+++ EXERCISE INPUT

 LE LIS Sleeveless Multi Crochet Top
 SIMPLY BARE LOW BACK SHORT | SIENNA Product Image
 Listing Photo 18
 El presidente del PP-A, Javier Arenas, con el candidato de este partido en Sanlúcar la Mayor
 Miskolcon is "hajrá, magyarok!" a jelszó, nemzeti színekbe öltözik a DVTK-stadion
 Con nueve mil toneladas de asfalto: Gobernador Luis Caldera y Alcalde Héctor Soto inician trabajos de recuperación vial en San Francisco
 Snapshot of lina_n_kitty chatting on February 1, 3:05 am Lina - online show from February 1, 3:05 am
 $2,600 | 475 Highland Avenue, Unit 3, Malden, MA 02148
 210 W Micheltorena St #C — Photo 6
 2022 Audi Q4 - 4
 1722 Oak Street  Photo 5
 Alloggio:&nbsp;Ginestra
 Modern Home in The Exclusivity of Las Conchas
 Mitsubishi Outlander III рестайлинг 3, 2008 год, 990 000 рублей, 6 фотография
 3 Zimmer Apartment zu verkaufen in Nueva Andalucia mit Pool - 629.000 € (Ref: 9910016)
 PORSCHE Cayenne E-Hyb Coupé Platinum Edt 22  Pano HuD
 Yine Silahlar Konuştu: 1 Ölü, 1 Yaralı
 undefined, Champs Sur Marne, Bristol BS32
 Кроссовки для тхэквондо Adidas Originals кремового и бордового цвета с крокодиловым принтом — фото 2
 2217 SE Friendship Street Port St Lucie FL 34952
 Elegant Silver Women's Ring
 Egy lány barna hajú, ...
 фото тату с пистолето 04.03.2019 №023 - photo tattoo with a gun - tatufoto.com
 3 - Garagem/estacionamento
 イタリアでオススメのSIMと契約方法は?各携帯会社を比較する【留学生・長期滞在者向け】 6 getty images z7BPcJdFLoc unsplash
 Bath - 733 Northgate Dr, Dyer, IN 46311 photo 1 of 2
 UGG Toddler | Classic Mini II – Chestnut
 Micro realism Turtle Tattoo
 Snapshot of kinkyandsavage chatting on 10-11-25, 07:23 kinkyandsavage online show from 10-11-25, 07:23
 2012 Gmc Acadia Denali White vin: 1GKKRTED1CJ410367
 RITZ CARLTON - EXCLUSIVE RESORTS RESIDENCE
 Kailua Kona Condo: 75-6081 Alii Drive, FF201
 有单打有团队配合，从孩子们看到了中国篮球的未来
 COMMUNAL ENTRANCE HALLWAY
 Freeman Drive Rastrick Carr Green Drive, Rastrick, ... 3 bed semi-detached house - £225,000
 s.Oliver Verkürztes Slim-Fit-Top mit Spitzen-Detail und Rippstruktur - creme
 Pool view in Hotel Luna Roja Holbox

++++++

◆ **TASK DETAILS**
Only the lines above from the one with "Alloggio:&nbsp;Ginestra" up to and including the one with "2012 Gmc Acadia" should be repeated, exactly as written.

◆ **EXERCISE RESPONSE**
 Alloggio:&nbsp;Ginestra
 Modern Home in The Exclusivity of Las Conchas
 Mitsubishi Outlander III рестайлинг 3, 2008 год, 990 000 рублей, 6 фотография
 3 Zimmer Apartment zu verkaufen in Nueva Andalucia mit Pool - 629.000 € (Ref: 9910016)
 PORSCHE Cayenne E-Hyb Coupé Platinum Edt 22  Pano HuD
 Yine Silahlar Konuştu: 1 Ölü, 1 Yaralı
 undefined, Champs Sur Marne, Bristol BS32
 Кроссовки для тхэквондо Adidas Originals кремового и бордового цвета с крокодиловым принтом — фото 2
 2217 SE Friendship Street Port St Lucie FL 34952
 Elegant Silver Women's Ring
 Egy lány barna hajú, ...
 фото тату с пистолето 04.03.2019 №023 - photo tattoo with a gun - tatufoto.com
 3 - Garagem/estacionamento
 イタリアでオススメのSIMと契約方法は?各携帯会社を比較する【留学生・長期滞在者向け】 6 getty images z7BPcJdFLoc unsplash
 Bath - 733 Northgate Dr, Dyer, IN 46311 photo 1 of 2
 UGG Toddler | Classic Mini II – Chestnut
 Micro realism Turtle Tattoo
 Snapshot of kinkyandsavage chatting on 10-11-25, 07:23 kinkyandsavage online show from 10-11-25, 07:23
 2012 Gmc Acadia Denali White vin: 1GKKRTED1CJ410367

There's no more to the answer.